第39話 俺っ子で小悪魔な王子様系後輩と映えデート(2)
ふわとろの親子丼を食べた後、薫と並んで食器を洗っていると、
「あ、そうだ。お出かけしましょう、姫先輩!」
薫がそんなことを言った。急に何……?
ソファでコーヒーを飲んでいた玲音が、しゅぱっと立ち上がる。
「逸脱! 逸脱行為だよ! ペナルティ!」
「うーん、そう言われるとそうなんですけど」
薫がスポンジを持った手の指で頬を掻いた。泡、ついてるよ。
「よく考えたんですけど、俺、別に映え写真のこと隠さなきゃいけないわけじゃないですし、姫先輩と古民家の外で遊べるんですよね」
「なんだい、そんなことでマウントをとったつもりかい」
玲音が胸を張った。
「僕だって、遊ぼうと思えば遊べるよ!」
「玲音、それ、ファンに見つかったら僕が八つ裂きにされるやつだよね」
一輝先輩も胸を張った。
「私も違約金を覚悟すれば遊べるぞ!」
「一輝先輩、それは本当にやめてください」
一輝先輩が大変なことになるし、僕もたぶん叔母に真っ二つにされる。
「というか、薫だってファンがたくさんいるでしょ。敵に回したくないんだけど」
「うーん……。

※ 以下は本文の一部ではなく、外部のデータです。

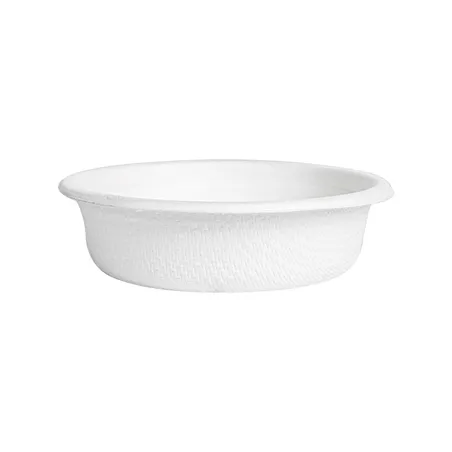 MINI POTS + COUVERCLES BIONIC 30 ML Ø 6,2x2+0,7 CM BLANC BAGASSE (1000 UNITÉ)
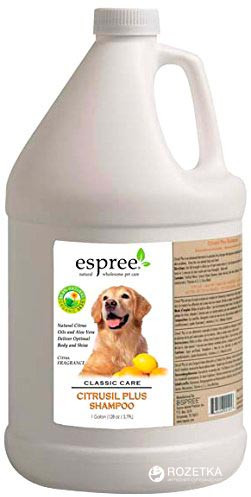 

Шампунь Espree Citrusil Plus Shampoo цитрусовый для собак 3.79 л (e00105)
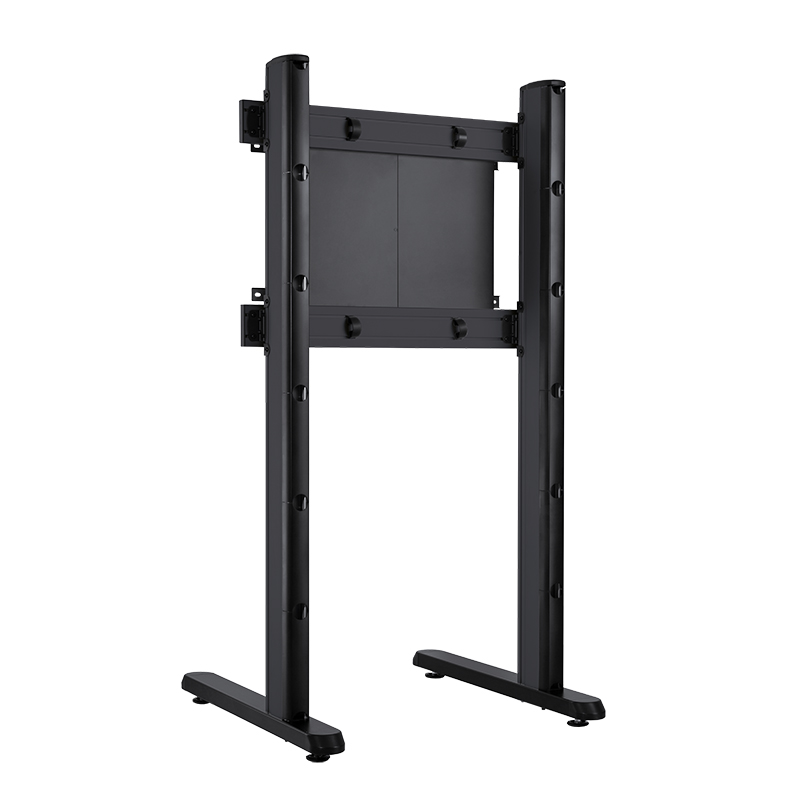 Hagor HP Counterbalanced Floorstand - höhenverstellbares Standsystem - Tafelprinzip - 46-70 Zoll - 40-60 kg - VESA 800x400mm - Schwarz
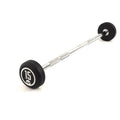 Muscle Power Barre d'haltère fixe en caoutchouc - 15 kg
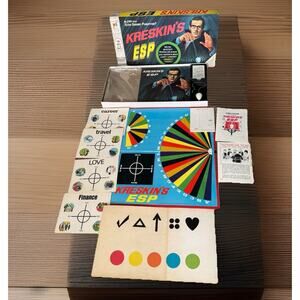1966 Vintage Board Game Amazing Kreskin's ESP Milton Bradley Mentalist Complete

俺、玲音先輩や一輝先輩みたいなファン、いないっすよ?」
「あ、そうなの?」
体育祭でいっぱいファンができたと思うんだけど。
「ぜんぜんいないっすよ。でも『薫君に悪い虫がつかないように守ってあげなきゃ!』みたいなこと言う女子はいっぱいいます」
それはただのファンより厄介なんじゃなかろうか。
……いや厄介とか言うと失礼だけれども!
一輝先輩がキッチンカウンターに頬杖を突いて、薫をスンッとした表情で見つめた。
「しかしだ、薫。そもそも、姫ちゃんの貸し切りは、勝者の特権だったはず。勝手にやられては困る」
「そうだそうだ!」
相変わらず僕の自由意志がない。あと一輝先輩の背後で便乗している玲音、子分みたいだけど、その立ち位置でいいのか……?
しかし、そこはさすがの薫。にやりと笑った。
「体育祭は頑張ったみんなが一等賞っすよ! だから平等に一回ずつにしませんか? そしたら、玲音先輩も一日貸し切りできますし」
「――そうだそうだ!」
玲音が持ち前の瞬発力で、キッチンカウンターの向こう側から回ってきて、薫の背後に立った。子分どころか裏切っちゃったよ。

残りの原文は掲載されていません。